Konsep dasar kepemimpinan adalah pengembanan amanah dan partisipasi, bukan perolehan kekuasaan dan masa bodoh. Pengurus Remaja Masjid mengemban amanah anggota bukan menguasai anggota. Disamping itu,  anggota harus rela untuk diatur, mendukung dan berpartisipasi aktif dalam kegiatan yang diselenggarakan.

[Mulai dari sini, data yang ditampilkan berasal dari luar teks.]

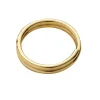 Panduro Jewellery Säkerhetsringar Ø7 guldfg 10st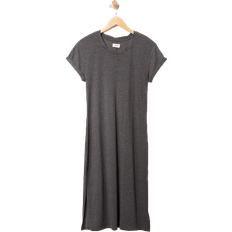 UpWest Midi T-shirt Dress - Soot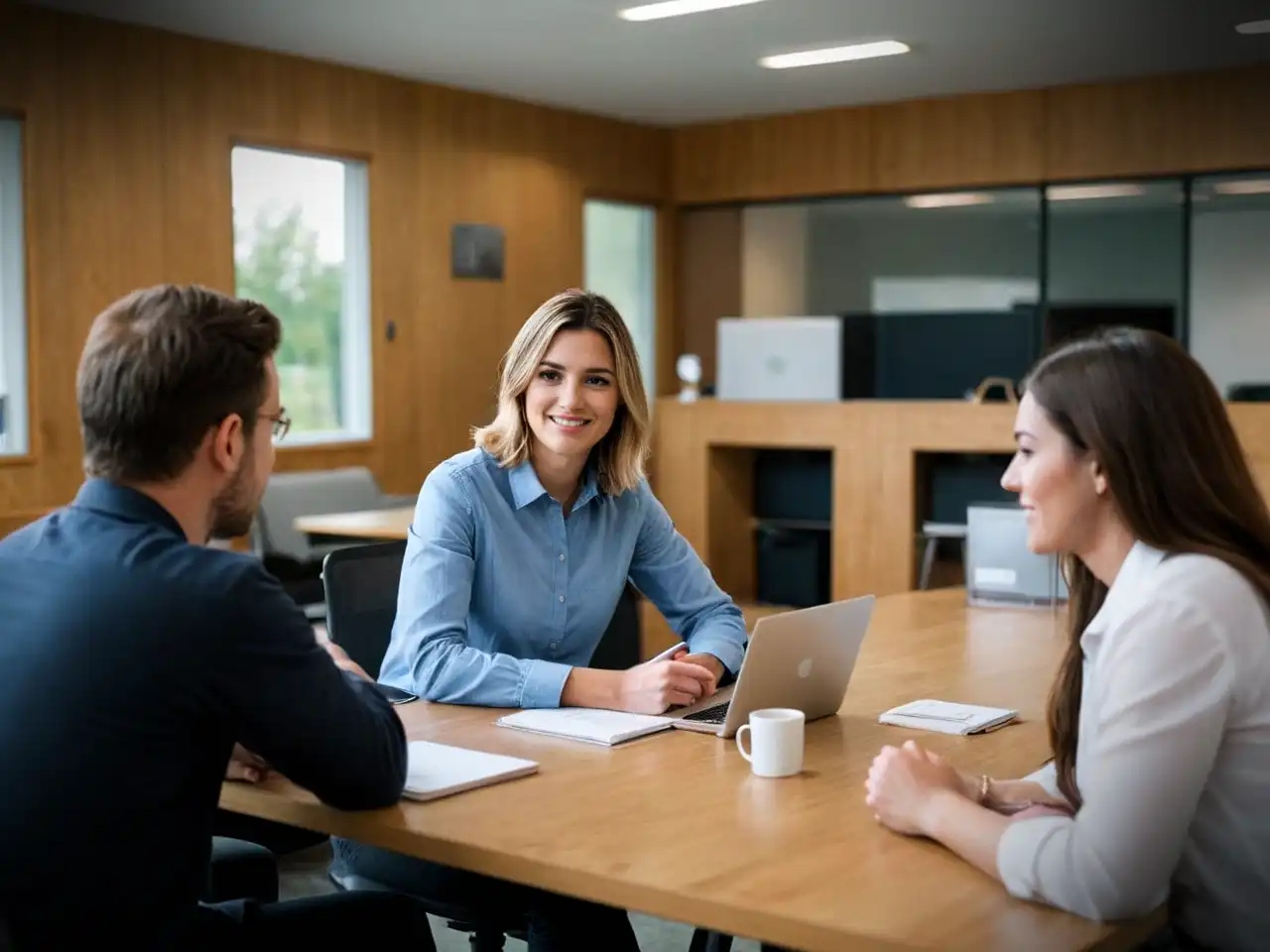 an image for networking meeting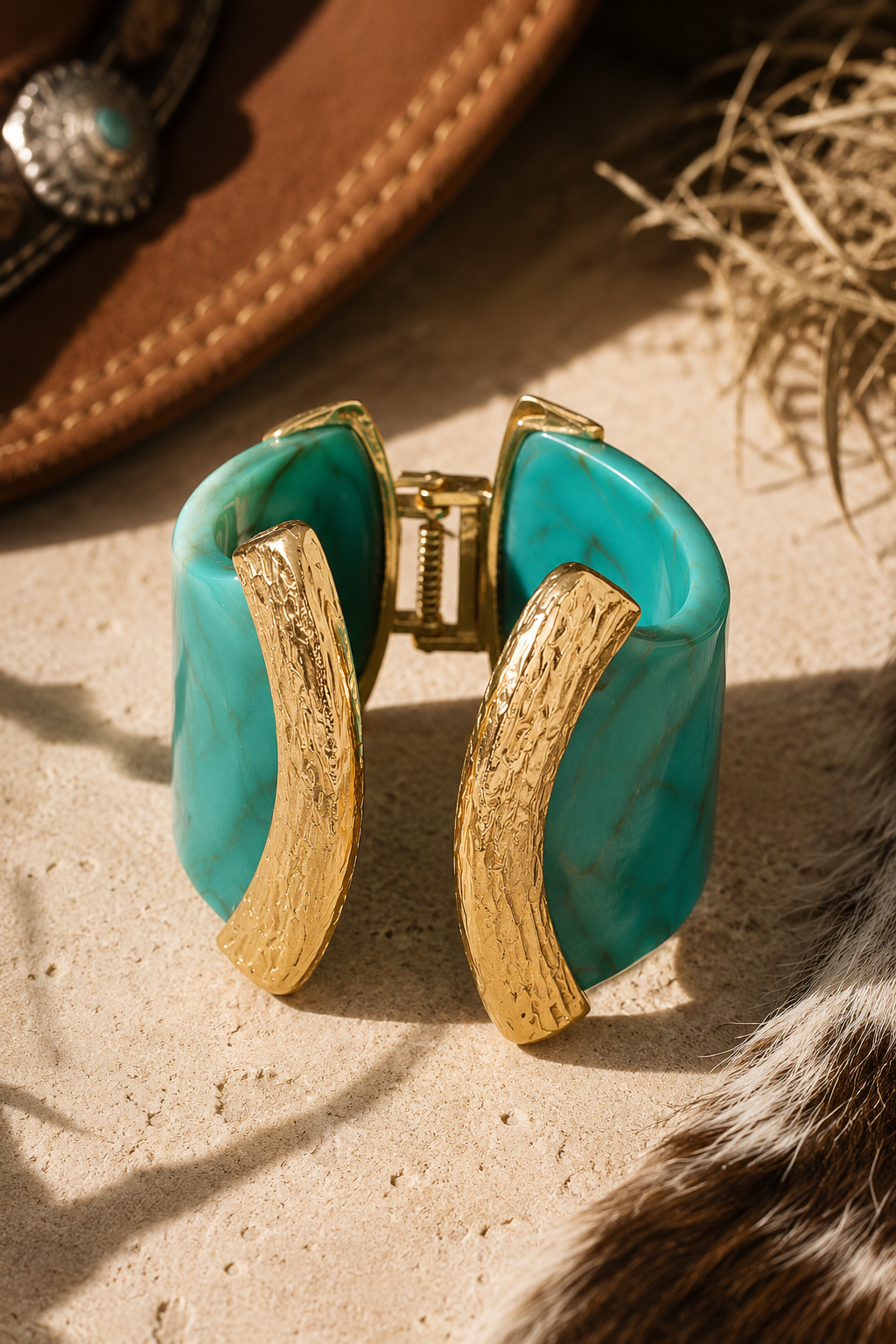 Sierra Canyon Turquoise Cuff Bracelet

Seimbang dengan amanah yang diembannya, Pengurus Remaja Masjid juga memiliki wewenang. Dalam rangka mengemban amanah pengurus memiliki kekuasaan untuk memerintah, mengarahkan, membimbing, mengkoordinir, memotivisir, mengatur organisasi dan lain sebagainya.

Secara umum, sebagai pemimpin Pengurus Remaja Masjid memiliki tugas antara lain sebagai berikut:

a.       Mengajak anggota kepada iman, taqwa dan amal shalih untuk memperoleh ridla Allah subhanahu wa ta’ala.

b.      Mengelola dan mengarahkan organisasi untuk mencapai tujuan.

c.       Menata sistim organisasi menuju kondisi yang mapan (establish).

d.      Menetapkan target (sasaran) yang realistis.

e.       Menyusun strategi dan taktik yang akan digunakan untuk mencapai target tersebut.

f.        Melaksanakan amanah organisasi yang telah ditetapkan dalam Musyawarah Anggota.

g.       Mengembangkan ilmu pengetahuan dan keterampilan teknis dalam berorganisasi.

h.       Mengembangkan sumber daya manusia melalui perkaderan, khususnya pelatihan.

i.         Menjaga keberlangsungan dan kesinambungan organisasi.

j.        Dan lain sebagainya.

Kepemimpinan dan amanah yang diemban Pengurus Remaja Masjid secara hablumminallah dipertanggungjawabkan kepada Allah dan secara hablumminannas kepada anggota dalam Musyawarah Anggota. Dari hasil  pertanggungjawaban tersebut dapat dilakukan evaluasi kepemimpinan organisasi untuk dilakukan perbaikan di masa yang akan datang.